Il existe autour du Léman quelques balcons qui offrent une vue magnifique, imprenable. Ainsi, le Kubli que nous connaissons bien s’atteint par la route qui rejoint le lieu en une dizaine de virages ; c’est également le cas au-dessus de Nyon pour la Barillette, qui offre une vue magnifique sur le lac du Salève au Cervin. Il en existe un autre, haut perché, qui ne s’atteint qu’après avoir franchi quarante-sept épingles à cheveux accrochées à la falaise. Beaucoup ignorent l’existence de cet endroit, alors même qu’ils se prélassent indolents et ramollis dans les eaux ferrugineuses des bains de Lavey, arrêtés à moins de cent mètres de la premières épingle. Le plateau des Martinaux à 1600m d’altitude domine Lavey et le défilé de St-Maurice de plus de mille mètres et, juste au-dessus, la crête de Javerne et la cabane de La Tourche sont si près du ciel que l’on pourrait voir les Champs Elysées si l’air n’était pas si brumeux.
Sur le fond d’une expérience passée, nous avions choisi ce weekend-là en parfait égoïstes. En effet, les Rocans, les Montheysans et les Agaunois délaissent le ski et le coin perdu des Martinaux au profit des places des villages, des cafés et des carnotzets bondés pour célébrer leur Carnaval et s’abreuver sans réserve de bières et de Fendant dans leur réjouissance de la fin de l’hiver et du prochain débourrage de la vigne. Nous, profitant de l’opportunité et du vide laissé là-haut sur l’étroit parking, on y monte et, loin du monde, loin de la foule gesticulante et des flonflons des Gugenmusiks, on célèbre notre Carnaval dans l’intimité alpine, dans les rires incoercibles de la joie boélande, dans l’Arvine gouleyante et la fondue chaleureuse, et notre plaisir d’être rassemblés, de tracer la neige avec nos enfants, d’affronter la bourrasque avec les amis et de se réjouir des sorties à venir et du printemps qui arrive. Tout un programme que l’on se plait à renouveler année après année. Les Martinaux offrent le cadre propice à diverses activités, le ski de piste bien sûr, avec l’usage quasi exclusif et à très bon compte du petit téléski , mais aussi la luge, la balade en raquettes ou à peaux de phoque vers la crête immaculée reliant la Croix de Javerne à la cabane de la Tourche. Ainsi, chacun put se donner sans retenue dans sa discipline de prédilection.

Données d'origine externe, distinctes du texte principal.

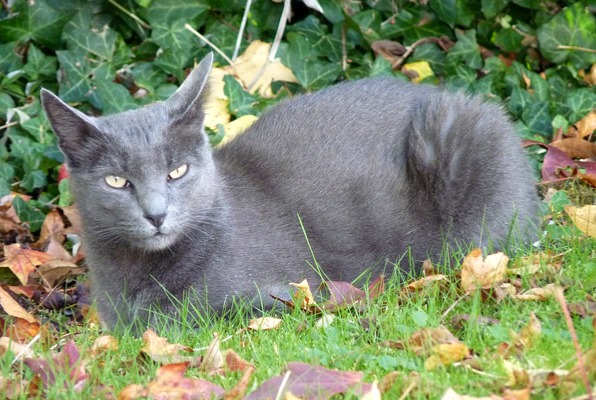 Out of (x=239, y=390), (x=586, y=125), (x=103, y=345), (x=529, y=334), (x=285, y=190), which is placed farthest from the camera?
(x=586, y=125)

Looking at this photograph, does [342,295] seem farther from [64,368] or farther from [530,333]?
[64,368]

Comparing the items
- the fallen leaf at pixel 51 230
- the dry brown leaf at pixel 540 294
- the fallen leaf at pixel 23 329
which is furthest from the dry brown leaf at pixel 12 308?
the dry brown leaf at pixel 540 294

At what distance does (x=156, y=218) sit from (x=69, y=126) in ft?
1.60

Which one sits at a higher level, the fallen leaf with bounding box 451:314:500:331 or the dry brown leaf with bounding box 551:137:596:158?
the fallen leaf with bounding box 451:314:500:331

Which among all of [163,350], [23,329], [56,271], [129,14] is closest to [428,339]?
[163,350]

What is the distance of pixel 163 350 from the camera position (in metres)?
2.97

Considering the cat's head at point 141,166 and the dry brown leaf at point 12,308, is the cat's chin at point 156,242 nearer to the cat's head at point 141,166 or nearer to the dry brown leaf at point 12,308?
the cat's head at point 141,166

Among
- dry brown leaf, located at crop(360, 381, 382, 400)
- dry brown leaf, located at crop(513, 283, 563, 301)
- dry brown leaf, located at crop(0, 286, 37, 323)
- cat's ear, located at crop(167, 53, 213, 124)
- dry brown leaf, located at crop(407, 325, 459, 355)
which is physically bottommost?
dry brown leaf, located at crop(0, 286, 37, 323)

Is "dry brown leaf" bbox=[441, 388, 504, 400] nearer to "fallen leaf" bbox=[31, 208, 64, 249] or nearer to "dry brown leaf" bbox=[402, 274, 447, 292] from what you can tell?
"dry brown leaf" bbox=[402, 274, 447, 292]

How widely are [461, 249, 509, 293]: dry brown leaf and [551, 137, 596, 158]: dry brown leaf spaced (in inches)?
65.0

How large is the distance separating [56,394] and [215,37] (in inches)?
121

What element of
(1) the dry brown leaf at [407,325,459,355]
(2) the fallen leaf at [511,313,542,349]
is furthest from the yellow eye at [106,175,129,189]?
(2) the fallen leaf at [511,313,542,349]

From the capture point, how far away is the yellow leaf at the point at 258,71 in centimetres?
523

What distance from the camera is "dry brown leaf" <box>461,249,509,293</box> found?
3.20m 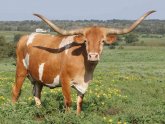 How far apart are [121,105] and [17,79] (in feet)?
12.0

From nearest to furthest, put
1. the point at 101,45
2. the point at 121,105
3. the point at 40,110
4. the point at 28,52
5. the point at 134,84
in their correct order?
the point at 101,45 → the point at 40,110 → the point at 28,52 → the point at 121,105 → the point at 134,84

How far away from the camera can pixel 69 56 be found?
1046 cm

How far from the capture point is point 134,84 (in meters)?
21.9

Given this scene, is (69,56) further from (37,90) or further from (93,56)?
(37,90)

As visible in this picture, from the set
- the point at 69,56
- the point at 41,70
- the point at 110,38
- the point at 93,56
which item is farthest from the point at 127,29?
the point at 41,70

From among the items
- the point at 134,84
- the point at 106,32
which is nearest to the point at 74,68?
the point at 106,32

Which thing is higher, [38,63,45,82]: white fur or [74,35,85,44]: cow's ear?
[74,35,85,44]: cow's ear

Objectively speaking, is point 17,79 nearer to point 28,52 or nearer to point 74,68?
point 28,52

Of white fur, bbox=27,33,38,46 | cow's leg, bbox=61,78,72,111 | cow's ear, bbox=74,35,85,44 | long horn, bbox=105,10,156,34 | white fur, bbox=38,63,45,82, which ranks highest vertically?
long horn, bbox=105,10,156,34

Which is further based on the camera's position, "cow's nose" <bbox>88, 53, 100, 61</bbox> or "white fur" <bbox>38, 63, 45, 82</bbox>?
"white fur" <bbox>38, 63, 45, 82</bbox>

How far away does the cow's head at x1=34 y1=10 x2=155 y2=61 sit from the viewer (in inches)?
383

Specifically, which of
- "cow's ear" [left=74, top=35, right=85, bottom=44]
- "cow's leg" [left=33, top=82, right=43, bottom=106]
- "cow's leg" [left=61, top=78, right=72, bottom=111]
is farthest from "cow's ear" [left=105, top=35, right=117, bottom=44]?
"cow's leg" [left=33, top=82, right=43, bottom=106]

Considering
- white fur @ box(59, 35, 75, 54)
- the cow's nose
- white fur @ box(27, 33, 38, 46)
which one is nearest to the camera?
the cow's nose

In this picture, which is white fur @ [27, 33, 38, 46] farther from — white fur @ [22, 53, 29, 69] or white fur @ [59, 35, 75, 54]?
white fur @ [59, 35, 75, 54] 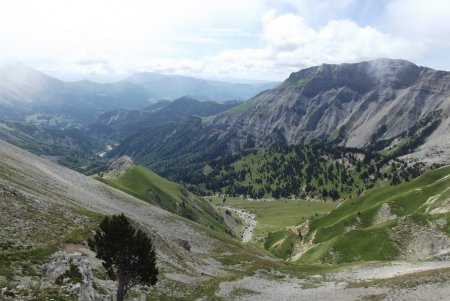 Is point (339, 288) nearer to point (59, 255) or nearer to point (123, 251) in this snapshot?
point (123, 251)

Cette année, la météo nous a cependant joué un tour de Pandore, nous faisant payer notre éloignement de la fête populaire d’en-bas. Le samedi, le soleil sur la crête s’était masqué d’un magnifique voile de neige tourbillonnante et glaciale, qui annonçait l’arrivée d’un front de foehn. Dans l’animation de notre joyeuse agape nocturne, personne n’a alors remarqué le renforcement progressif du vent et la fréquence des rafales. Ce n’est que plus tard, dans le calme des sommeils introuvables et des rêves agités, que la crainte d’un envol soudain du toit du chalet nous saisit. Cependant, au réveil, rien de tout ça ne s’était produit, seul le petit téléski s’annonçait au repos forcé pour la journée et, au-dessus, la crête chahutée par la bourrasque ne tentait plus grand monde. A l’instant du petit-déjeuner, l’heure de la déroute venait de sonner.
La route vers la plaine était alors jonchée des brindilles et des branches des résineux cassés. Un arbre, appuyé sur la pente entre deux virages serrés, ne laissait qu’un passage restreint limité aux véhicules suffisamment bas ; une Land Rover n’aurait pas pu passer et il est fort probable qu’une tentative de taille au canif n’aurait pas beaucoup aidé. Du coup, avec nos véhicules ordinaires, on avait comme gagné à la loterie. A un rien près, nous passions le restant de l’hiver là-haut avec les loups et les militaires.